The Secret to Moving a Kid From Languishing to Leading (Part 2)


How do you foster actual maturity in a virtual world?

Yesterday, I laid out the reasons why our culture today is creating kids who grow older but often fail to grow up. When they finish school, they often fear entering the adult world. Adolescence has been pleasurable and predictable. They’ve learned to navigate their way through Facebook, texting, recitals and video games. But somehow this didn’t get them ready for what’s coming. So what’s the secret to moving kids from languishing to leading?

I believe we must slowly move them toward authentic responsibility. Yesterday I suggested that what we’ve done with our kids up till now is given them artificial responsibility. They’ve had a simulator of real life, made up of screens, but no real “make or break you” responsibilities. I compared it to going to a local gym to workout, but only looking at the weight machines, not actually lifting the weights. I believe we must help them begin lifting lighter weights, then move them to heavier weights, just like we do in a gym. You must learn to bench press 75 lbs. before you’re ready for 200 lbs. Leadership only develops as responsibility is passed.

When I wrote the book, Artificial Maturity, I included dozens of ideas on how to do this. Let me offer a few ideas below, then if you want more, you can grab the book here:

1. In order to teach them how to treat the opposite sex…

One family required their sons to take mom out on a date before they were allowed to date a girl in high school. They rolled their eyes as first, but each one actually did it. They took mom out, opened the car door for her, bought her dinner, got her flowers, you name it. Once they had “passed this test” they got to date a peer.

2. In order to raise their emotional intelligence…

Some families had their kids host a party—for adults. Mom and dad planned a party for their friends but the kids (ages 11 and 14) greeted them at the door, took their coat, offered them a drink, introduced them to others, etc. This built an ability to converse with grown-ups and get comfortable as they soon took jobs.

3. In order to get a taste for how expensive life is…

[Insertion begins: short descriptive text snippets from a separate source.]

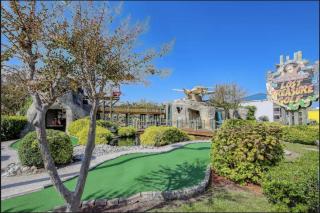 Fountainhead Towers 1004 - 1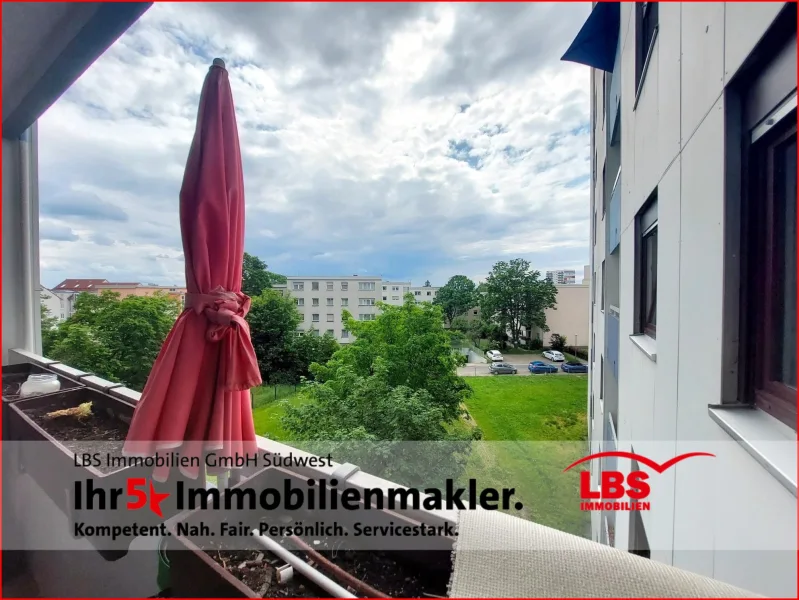 Aussicht Balkon - Wohnung kaufen in Eppelheim - Gepflegte 4-Zimmer Wohnung mit Balkon in Eppelheim!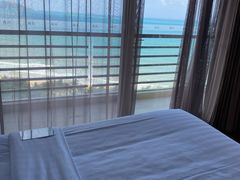 -三亚湾海居铂尔曼度假酒店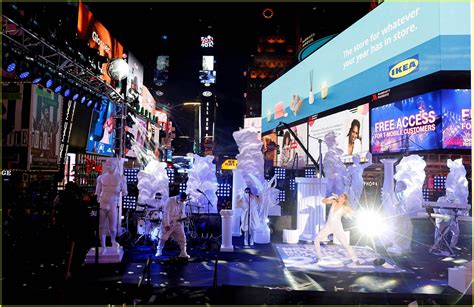 Jennifer lopez is a talented dancer, singer, actress, but she's also a devoted mom to twins emme who are jennifer lopez and alex rodriguez's kids? Jennifer Lopez & Alex Rodriguez's Kids Joined Them on Stage for New Year's Eve 2021!: Photo ...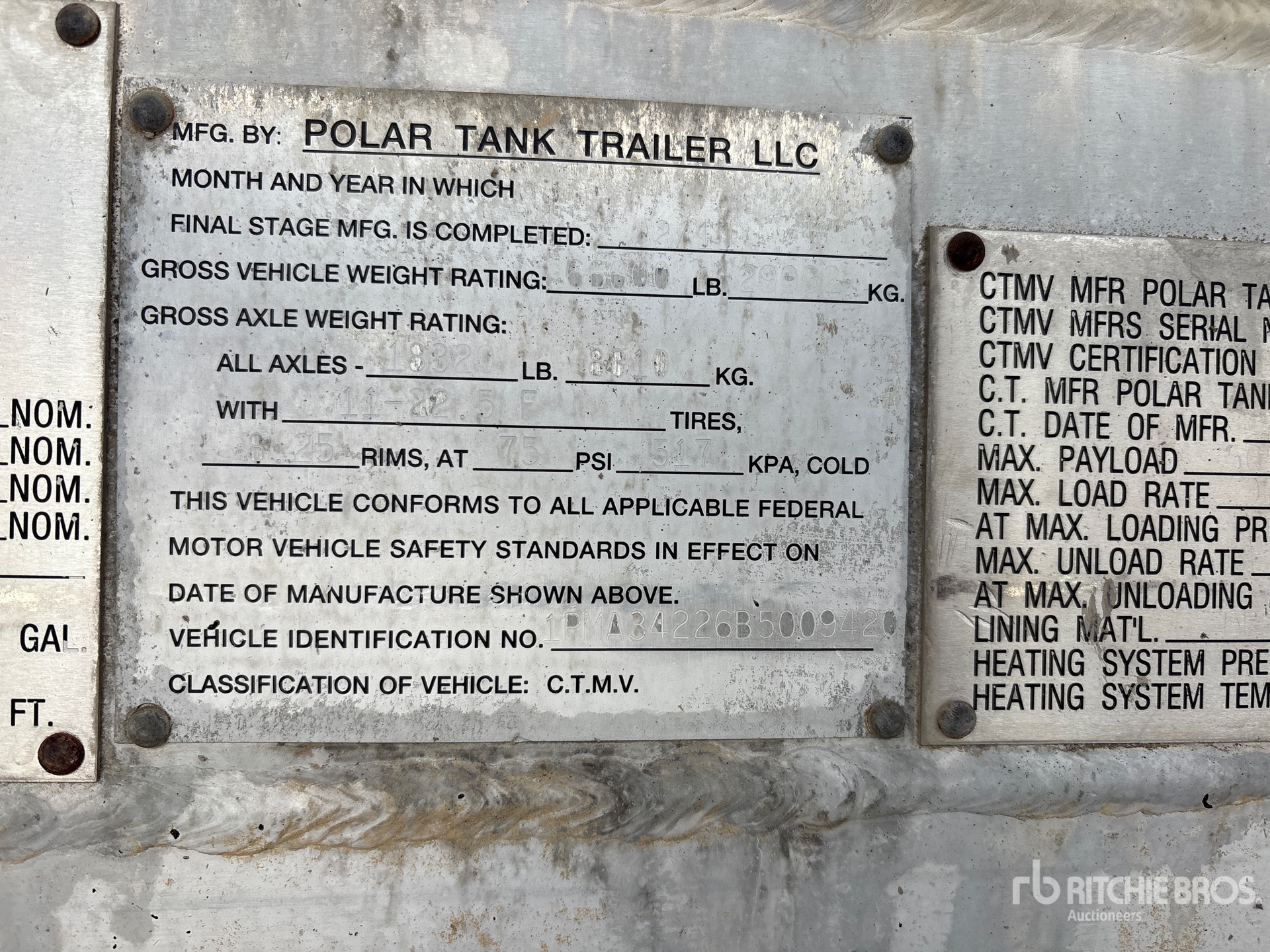 2011 Polar 8400 GAL T/A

One mom had each of her kids sit with her at the computer as she paid the bills each month. Each child got their own time, helping figure the invoice amount and then help pay that expense on-line. Even though it wasn’t their money, they began to see the large amounts required to cover the car, heating and air, phone, cable, etc.

4. In order to expand their vision beyond themselves…

Another family was noticing how self-absorbed their kids were, so they decided to travel overseas, where they could help build a hospital wing and serve children with diseases there. Once they visited, each family member took on their part of the project—raising money, writing notes and using their creativity to meet needs.